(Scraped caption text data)
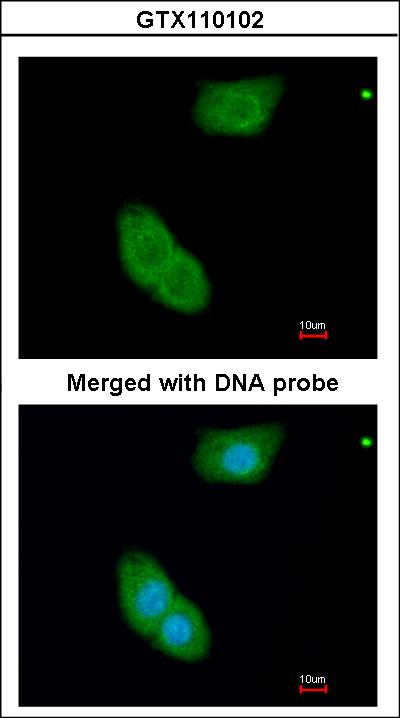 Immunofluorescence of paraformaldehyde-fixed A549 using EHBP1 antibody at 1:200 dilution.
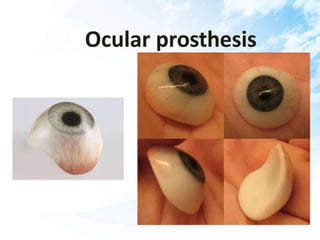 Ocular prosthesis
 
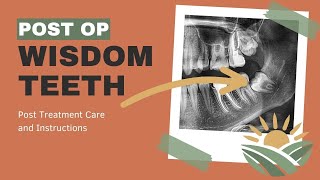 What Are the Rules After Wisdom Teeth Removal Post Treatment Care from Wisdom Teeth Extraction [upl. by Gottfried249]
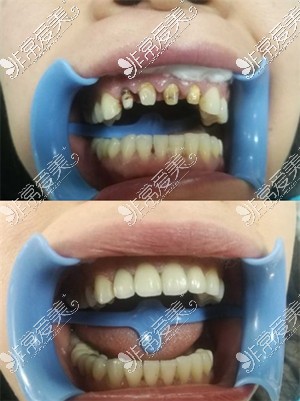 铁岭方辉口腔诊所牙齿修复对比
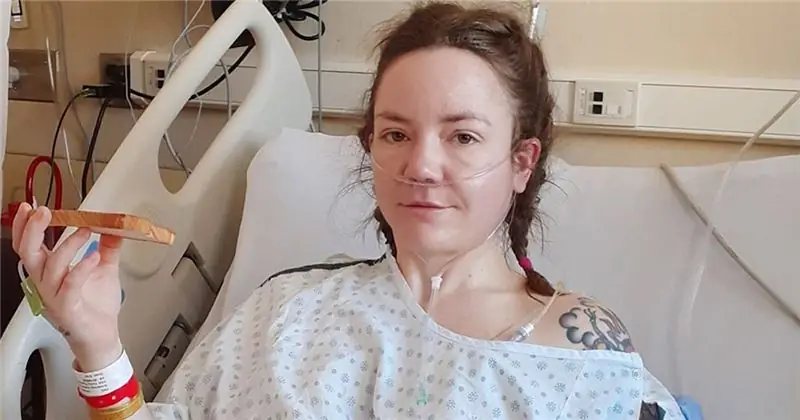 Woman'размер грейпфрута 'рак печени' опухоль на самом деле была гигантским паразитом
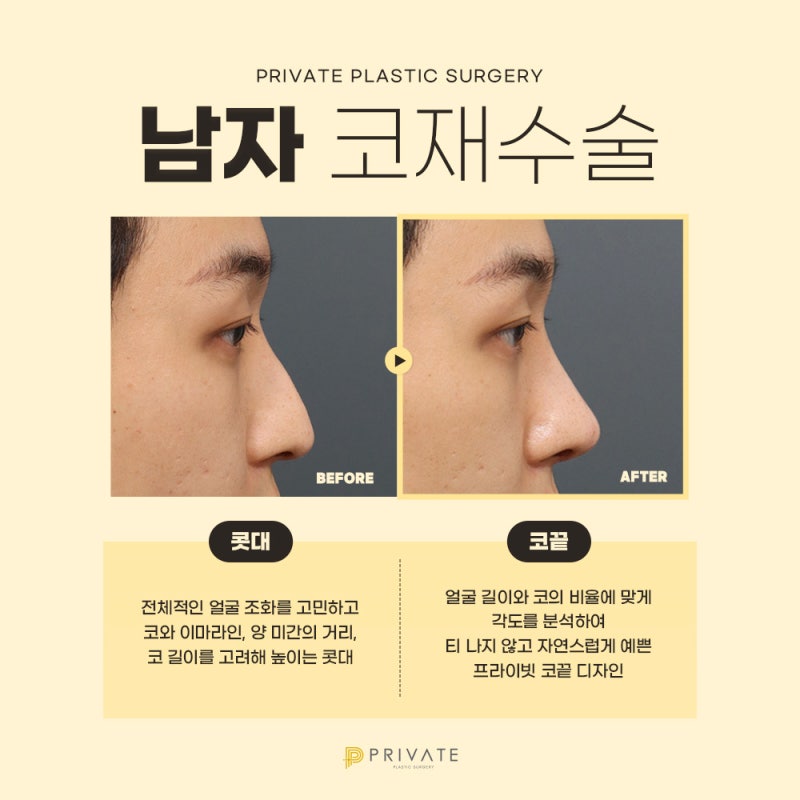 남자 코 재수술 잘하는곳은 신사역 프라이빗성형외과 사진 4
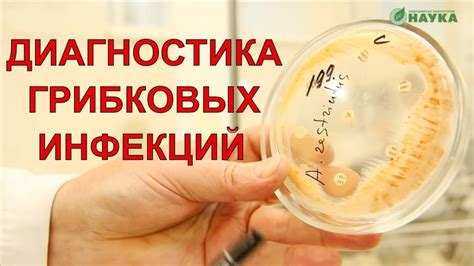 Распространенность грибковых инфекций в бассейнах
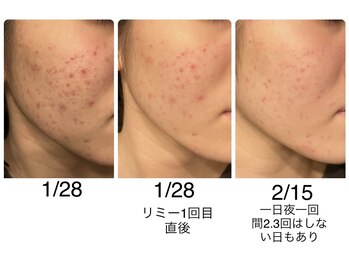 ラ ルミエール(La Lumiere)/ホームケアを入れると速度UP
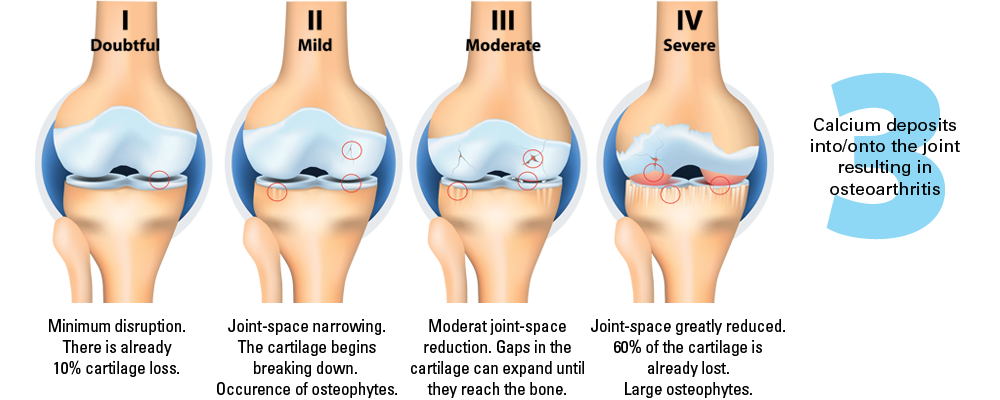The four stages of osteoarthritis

__Work to be completed__:
A faithful, complete copy of the entries is required, without the pictures.

__Exercise response__:
 Immunofluorescence of paraformaldehyde-fixed A549 using EHBP1 antibody at 1:200 dilution.
 Ocular prosthesis
 
 What Are the Rules After Wisdom Teeth Removal Post Treatment Care from Wisdom Teeth Extraction [upl. by Gottfried249]
 铁岭方辉口腔诊所牙齿修复对比
 Woman'размер грейпфрута 'рак печени' опухоль на самом деле была гигантским паразитом
 남자 코 재수술 잘하는곳은 신사역 프라이빗성형외과 사진 4
 Распространенность грибковых инфекций в бассейнах
 ラ ルミエール(La Lumiere)/ホームケアを入れると速度UP
The four stages of osteoarthritis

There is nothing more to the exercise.